··· Records for this exercise

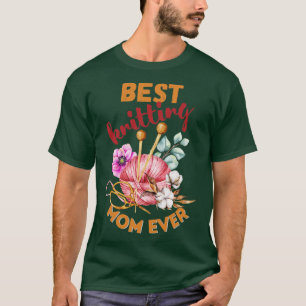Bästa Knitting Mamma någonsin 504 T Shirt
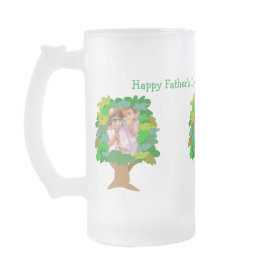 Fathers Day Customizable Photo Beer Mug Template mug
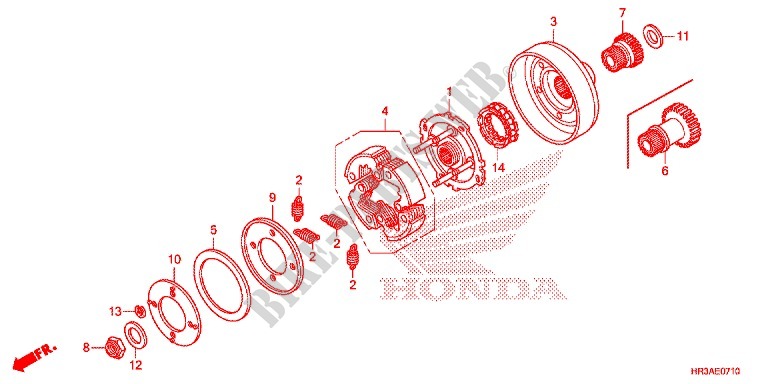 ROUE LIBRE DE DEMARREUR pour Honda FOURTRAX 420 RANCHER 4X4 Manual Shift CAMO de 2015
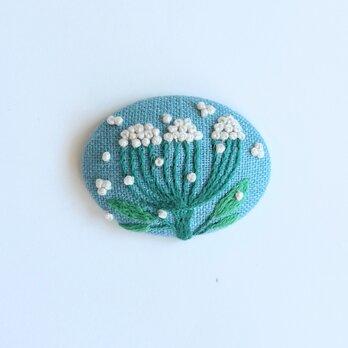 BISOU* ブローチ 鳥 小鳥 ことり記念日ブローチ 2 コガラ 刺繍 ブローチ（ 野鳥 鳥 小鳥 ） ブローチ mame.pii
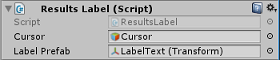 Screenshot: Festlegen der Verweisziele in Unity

······

- Task item -
Quote, please, only the lines running from the one with "BISOU* ブローチ 鳥" down to the final line of the data above, keeping both ends and skipping the pictures.

- Response area -
 BISOU* ブローチ 鳥 小鳥 ことり記念日ブローチ 2 コガラ 刺繍 ブローチ（ 野鳥 鳥 小鳥 ） ブローチ mame.pii
 Screenshot: Festlegen der Verweisziele in Unity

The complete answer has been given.